WHAT YOU HAVE TO DO
Only text belongs in your copy of the listing below; reproduce it exactly and leave out the pictures.

RECORDED INFORMATION
○ ○ ○
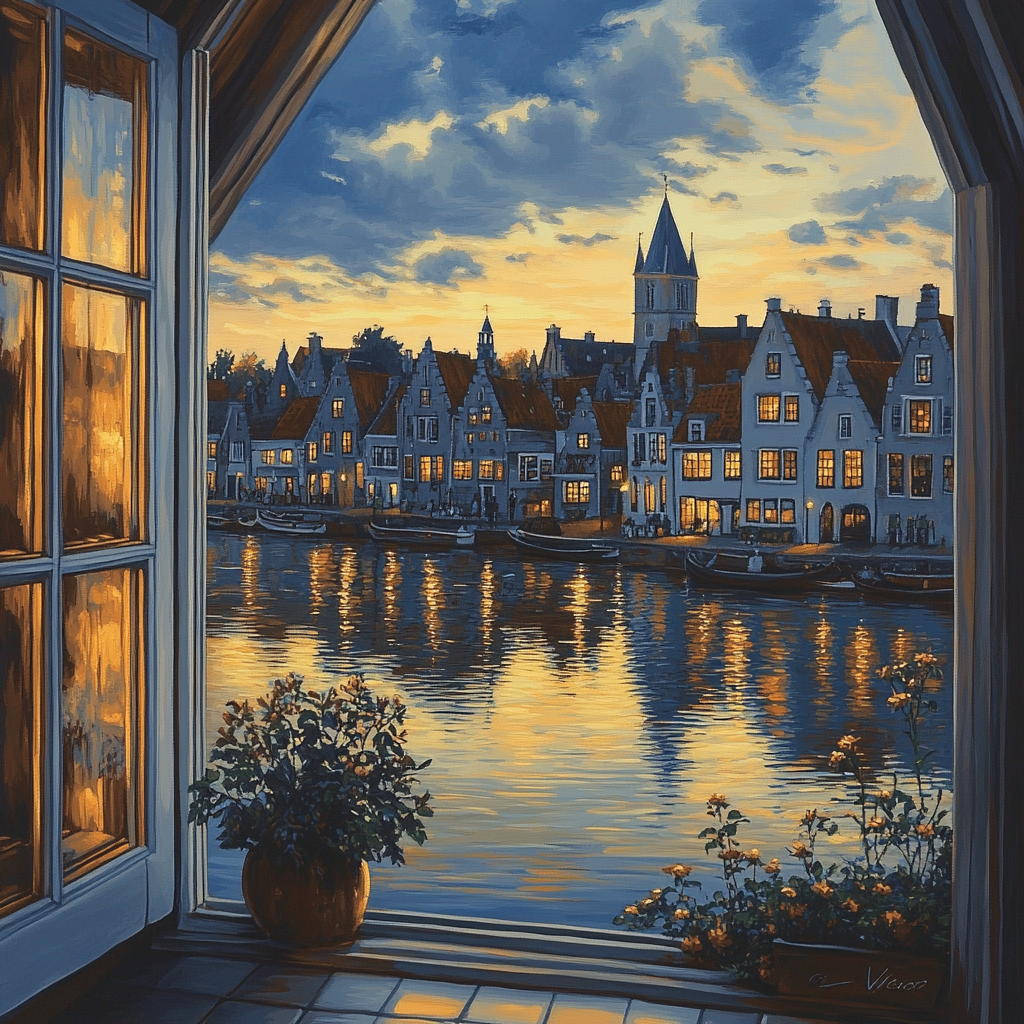 Johannes Vermeer Inspired Rooftops At Golden Dusk Number painting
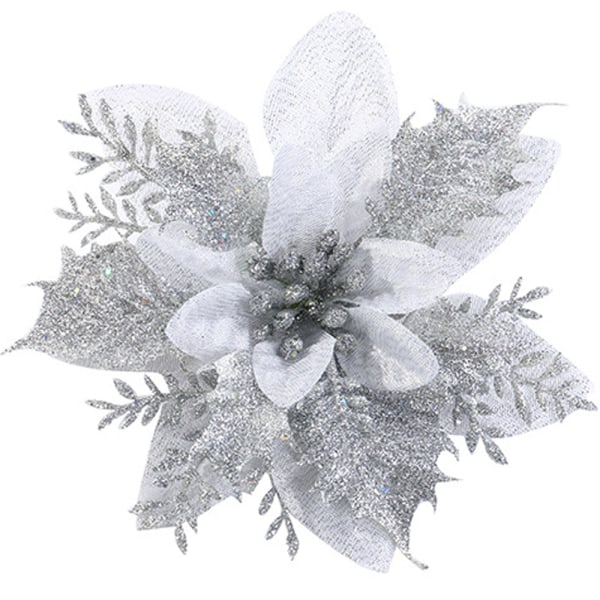 10x Jul Glitter Blomma Träd Hängande Xmas Party Tree Decor B 58c4 B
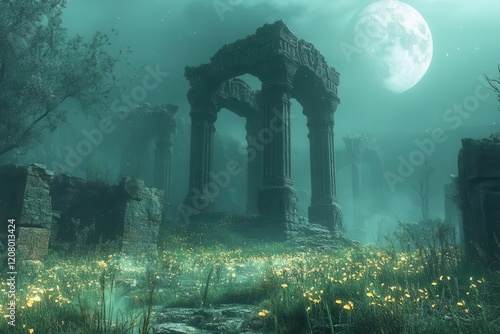 ancient temple ruins overtaken by bioluminescent flora mystical bluegreen light emanating from alien plant life under twin moons photo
○ ○ ○
RESULT
 Johannes Vermeer Inspired Rooftops At Golden Dusk Number painting
 10x Jul Glitter Blomma Träd Hängande Xmas Party Tree Decor B 58c4 B
 ancient temple ruins overtaken by bioluminescent flora mystical bluegreen light emanating from alien plant life under twin moons photo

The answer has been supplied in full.